I just tried poking around their site, to see if they said how many they had fully indexed of these 2.5 billion (wow that's a lot), but there's no mention I could find.

Anyone?

rubble88

9:01 pm on Aug 8, 2002 (gmt 0)

10+ Year Member



You can find a bit of analysis on Google's number counting here:
[searchengineshowdown.com ]

Also, AllTheWeb currently shows a total size of 2,112,188,990 pages. This is up a bit from its June 17th announcement of 2,095,568,809. The annoucement focused on how ATW had "dethroned" Google as the "world's largest search engine. Today, Google goes back to number one with the 2,469,940,685 number. Will AllTheWeb up its number soon? Will another engine join (Inktomi) in on the fun?

jeremy goodrich

9:26 pm on Aug 8, 2002 (gmt 0)

WebmasterWorld Senior Member 10+ Year Member



Actually, this is what I was looking for:

[google.com...]

See #4 there?

The Google index contains two types of pages--fully indexed and partially indexed pages. Your page is currently partially indexed, which means that although we know about your site, our robots have not read all the content on your page(s) in past crawls.
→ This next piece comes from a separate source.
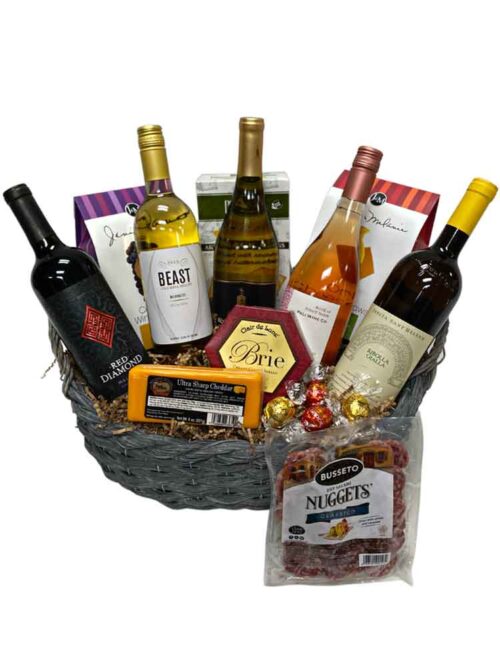 5 Bottle Wine & Cheese Basket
Took me a minute to find that! There was a better description I read before, but basically, they include in their counting pages they only have found links to, but have never indexed before.
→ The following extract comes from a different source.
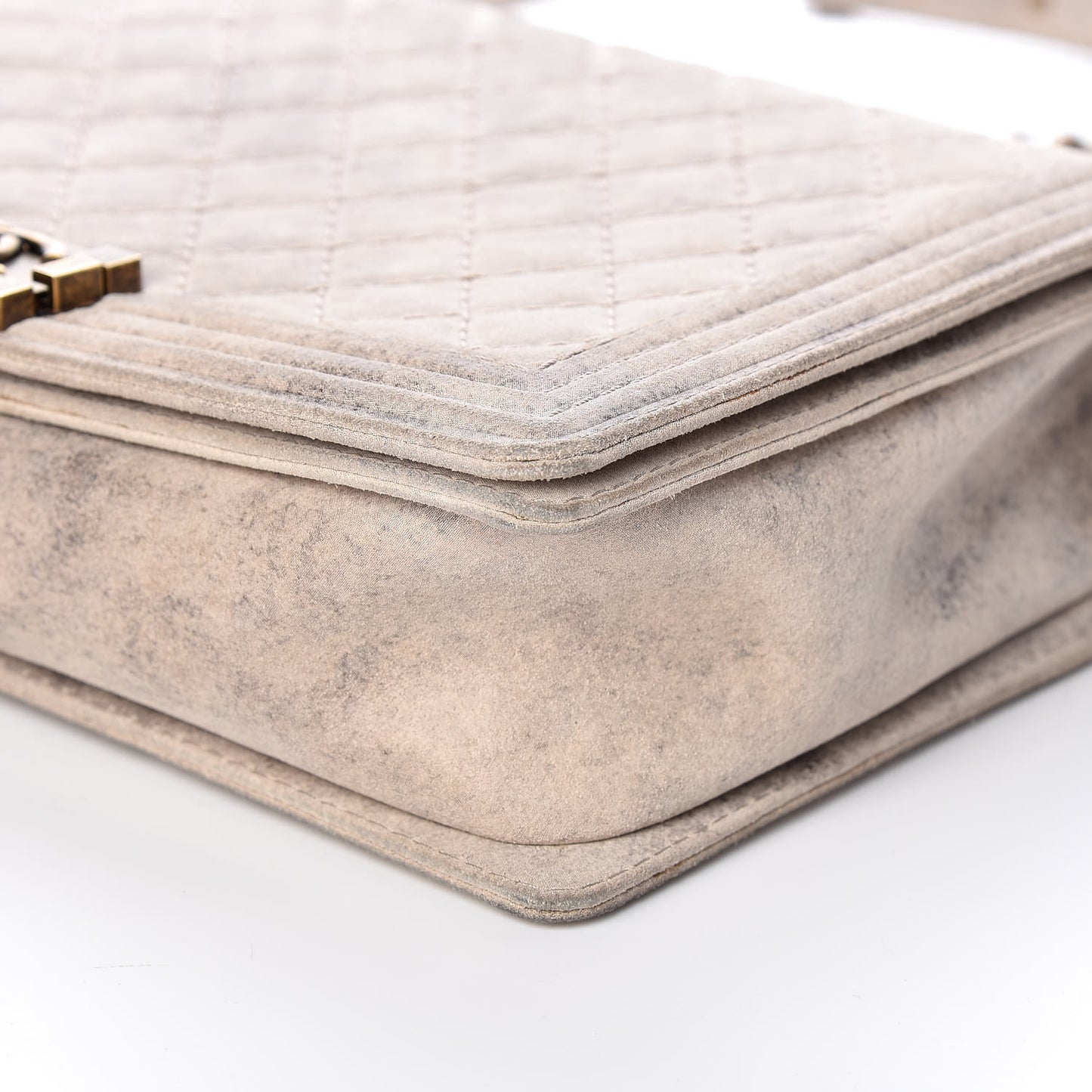 Iridescent Calfskin Quilted Large Boy Flap Beige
This probably makes it a bit easier to 'build' a bigger index, because they haven't actually gone and parsed a few hundred million of those pages :)

brotherhood of LAN

7:58 am on Aug 9, 2002 (gmt 0)

WebmasterWorld Senior Member 10+ Year Member Top Contributors Of The Month



>#4

I bet that will go for all the robots "noindex" and whatever else the bot finds.

Actually, remember a few posts a while back about G not obeying robots.txt?? hmmm- if that was true then you have to wonder if their bigger index really has any substance. Anyway- it was exactly 2.1 billion something or other for months!

vitaplease

9:54 am on Aug 9, 2002 (gmt 0)

WebmasterWorld Senior Member 10+ Year Member



>#4

would that explain the Google results number of 2,790,000,000 > 2,469,940,685
on a search for "the" ?

whats up skip

10:05 am on Aug 9, 2002 (gmt 0)

10+ Year Member



There is a big problem with using the "the" test.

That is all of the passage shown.